Owing to limited time available for designing and implementing the project, the software was designed as a proof of concept rather than to be fully functional and integrable. The program is based on a simple GUI which shows the result of the differential algorithms running on an image on the left. And on the right is a singular region extracted from the said image. It also displays some crucial information such as the location of the extracted region in the image, and if the "memory map" or "alphanumeric templates" have been loaded, then also displays the alphanumeric character which is the best fit. Please see figure 1.

Figure 1: Image Alphanumeric Reader Graphical User Interface. On left blue dots indicate colored regions edges along rows.
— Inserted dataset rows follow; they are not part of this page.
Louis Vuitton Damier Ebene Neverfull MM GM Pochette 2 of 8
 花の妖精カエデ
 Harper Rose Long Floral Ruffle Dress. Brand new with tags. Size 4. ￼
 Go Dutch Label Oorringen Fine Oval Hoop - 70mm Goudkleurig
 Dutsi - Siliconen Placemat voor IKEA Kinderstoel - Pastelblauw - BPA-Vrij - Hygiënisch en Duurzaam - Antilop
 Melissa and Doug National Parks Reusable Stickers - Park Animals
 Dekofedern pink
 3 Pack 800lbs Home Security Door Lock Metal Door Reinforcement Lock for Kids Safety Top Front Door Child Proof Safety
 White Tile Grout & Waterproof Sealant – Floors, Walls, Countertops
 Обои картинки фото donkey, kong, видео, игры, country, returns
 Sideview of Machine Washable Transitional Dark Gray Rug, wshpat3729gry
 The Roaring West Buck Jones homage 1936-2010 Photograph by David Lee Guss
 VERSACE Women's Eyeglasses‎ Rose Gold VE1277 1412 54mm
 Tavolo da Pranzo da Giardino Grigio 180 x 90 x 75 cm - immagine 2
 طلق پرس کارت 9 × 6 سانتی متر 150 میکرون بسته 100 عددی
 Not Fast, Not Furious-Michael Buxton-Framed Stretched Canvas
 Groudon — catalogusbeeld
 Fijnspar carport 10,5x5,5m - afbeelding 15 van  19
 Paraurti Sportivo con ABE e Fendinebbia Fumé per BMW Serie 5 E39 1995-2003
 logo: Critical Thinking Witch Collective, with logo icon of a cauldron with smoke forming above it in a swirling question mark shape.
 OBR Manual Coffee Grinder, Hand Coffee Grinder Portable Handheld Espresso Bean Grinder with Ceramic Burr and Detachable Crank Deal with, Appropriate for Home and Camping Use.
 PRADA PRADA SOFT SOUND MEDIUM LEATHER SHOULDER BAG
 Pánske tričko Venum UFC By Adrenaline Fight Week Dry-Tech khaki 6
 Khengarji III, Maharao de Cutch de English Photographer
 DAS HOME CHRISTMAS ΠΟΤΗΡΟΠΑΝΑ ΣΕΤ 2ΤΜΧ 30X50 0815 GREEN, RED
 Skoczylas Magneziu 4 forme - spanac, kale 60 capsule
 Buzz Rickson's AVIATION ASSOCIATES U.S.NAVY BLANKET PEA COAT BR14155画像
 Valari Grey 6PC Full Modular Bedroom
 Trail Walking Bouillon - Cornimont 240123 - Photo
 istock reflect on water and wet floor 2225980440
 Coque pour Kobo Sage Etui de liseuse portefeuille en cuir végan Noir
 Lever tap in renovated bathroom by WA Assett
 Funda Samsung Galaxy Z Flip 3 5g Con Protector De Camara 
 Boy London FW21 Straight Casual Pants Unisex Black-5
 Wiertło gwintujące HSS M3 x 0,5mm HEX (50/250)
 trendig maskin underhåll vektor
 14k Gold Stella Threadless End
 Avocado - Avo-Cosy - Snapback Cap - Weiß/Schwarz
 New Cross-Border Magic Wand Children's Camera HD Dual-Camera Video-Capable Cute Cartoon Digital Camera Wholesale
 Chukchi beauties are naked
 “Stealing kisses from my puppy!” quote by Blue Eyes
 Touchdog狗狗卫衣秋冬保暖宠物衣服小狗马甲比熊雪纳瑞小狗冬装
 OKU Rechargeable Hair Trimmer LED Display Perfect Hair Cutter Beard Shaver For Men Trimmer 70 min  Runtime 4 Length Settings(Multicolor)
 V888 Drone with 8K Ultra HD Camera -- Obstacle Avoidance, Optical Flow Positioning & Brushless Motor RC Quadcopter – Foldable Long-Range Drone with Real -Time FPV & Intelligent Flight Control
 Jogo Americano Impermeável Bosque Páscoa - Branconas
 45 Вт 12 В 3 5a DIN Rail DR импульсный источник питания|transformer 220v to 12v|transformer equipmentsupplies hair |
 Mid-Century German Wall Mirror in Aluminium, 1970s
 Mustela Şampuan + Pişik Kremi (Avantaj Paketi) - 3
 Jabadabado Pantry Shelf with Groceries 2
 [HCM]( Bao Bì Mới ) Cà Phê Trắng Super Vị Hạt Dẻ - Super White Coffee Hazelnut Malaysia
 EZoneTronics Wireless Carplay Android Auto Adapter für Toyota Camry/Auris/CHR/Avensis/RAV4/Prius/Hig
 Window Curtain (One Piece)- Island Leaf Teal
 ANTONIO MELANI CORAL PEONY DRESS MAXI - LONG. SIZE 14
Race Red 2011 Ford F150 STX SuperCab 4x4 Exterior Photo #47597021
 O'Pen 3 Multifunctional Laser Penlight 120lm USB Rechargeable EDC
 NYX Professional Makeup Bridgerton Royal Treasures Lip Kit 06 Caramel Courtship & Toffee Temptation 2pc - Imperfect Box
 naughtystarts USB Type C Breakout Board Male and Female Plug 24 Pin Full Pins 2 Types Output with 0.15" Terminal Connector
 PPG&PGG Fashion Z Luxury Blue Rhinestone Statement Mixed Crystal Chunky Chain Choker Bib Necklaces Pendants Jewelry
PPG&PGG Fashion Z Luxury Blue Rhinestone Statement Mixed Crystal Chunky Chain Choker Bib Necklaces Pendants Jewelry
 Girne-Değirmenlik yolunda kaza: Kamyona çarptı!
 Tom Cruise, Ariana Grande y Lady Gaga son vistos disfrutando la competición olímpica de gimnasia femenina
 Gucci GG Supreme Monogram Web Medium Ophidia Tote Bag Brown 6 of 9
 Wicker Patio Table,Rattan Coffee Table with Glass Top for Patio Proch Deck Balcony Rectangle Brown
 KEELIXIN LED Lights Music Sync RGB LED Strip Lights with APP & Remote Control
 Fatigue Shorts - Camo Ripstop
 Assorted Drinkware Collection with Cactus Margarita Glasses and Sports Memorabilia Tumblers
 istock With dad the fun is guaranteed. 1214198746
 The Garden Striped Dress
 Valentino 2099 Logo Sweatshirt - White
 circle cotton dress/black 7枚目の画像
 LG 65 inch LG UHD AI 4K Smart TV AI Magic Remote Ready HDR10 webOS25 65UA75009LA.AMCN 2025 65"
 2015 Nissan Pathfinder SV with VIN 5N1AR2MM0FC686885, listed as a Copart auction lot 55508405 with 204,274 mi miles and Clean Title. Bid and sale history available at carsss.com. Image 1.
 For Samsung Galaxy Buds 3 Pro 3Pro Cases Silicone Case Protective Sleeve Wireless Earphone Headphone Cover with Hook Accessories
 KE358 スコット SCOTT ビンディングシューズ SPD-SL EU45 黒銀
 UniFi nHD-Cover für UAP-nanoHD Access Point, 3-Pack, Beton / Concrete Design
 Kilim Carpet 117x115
On the right a region extracted from the image, positions "Row = 2:34, Col = 63:101" is read as: the region on right spans from row number 2 till 34 and column 63 till 101 in the image on the left.

Region Identification

For more information on the differential algorithm being used please visit Stereo Vision Project. For a uni-colored segment of a region identified along the rows, if another segment below it is the same color, and has a major overlap across the columns with it, it is safe to say that they belong to the same region. As such the information can be recursively built to extract uni-colored regions across the rows and columns out of the images by just using the edges along the rows. This algorithm proves to be quite fast as it needs minimum information to identify uniformly colored regions. While the algorithm can generate the color of the region, it is safe to say that for a proof of concept it will not be a very crucial detail.

Alphanumeric Recognition

The pattern recognition is based on a "memory map" or "template", which is simply a 2-D probability matrix. Instead of finding the exact match for a pattern, the software always relies on the pattern which matches something best from its memory. This memory is built by force feeding the patterns to the software, which it stores in probability form. All the 2-D patterns can be divided into rows and columns, as these are uniformly colored, a simple identification for a region using a 2-D matrix will be allotting "1" for the pixels where the object is present, and "0" where it is not. By comparing multiple images of the same pattern the probability of each element in the 2-D memory map is calculated as the average value of the element across images, please see the images below to see this in pictorial form.

Above: a region extracted from image in Figure 1 resembling a "0". The matching ascii pattern identified by the software is given in the top left corner. "Max Match" means the best match for the pattern with the pixels being "1"/"0" where they are expected to be. "Min Non Match" means the best match for the pattern with the pixels not being "1"/"0", or in other words least deviation from expected pattern.

Above: Memory map showing the ascii element "0" stored in the memory. This element has been produced by computing the 2-D probability matrix for 8 different "0"s. Please save image and zoom in to see the elements of the image.

Some More Identified Patterns

Conclusion

As seen above in some of the example patterns show, the regions identified from the image do not need to be an exact match for the memory map. The system is capable of recognizing patterns from somewhat "distorted" images as well, thus as a proof of concept that this algorithm is capable of a very basic alphanumeric recognition.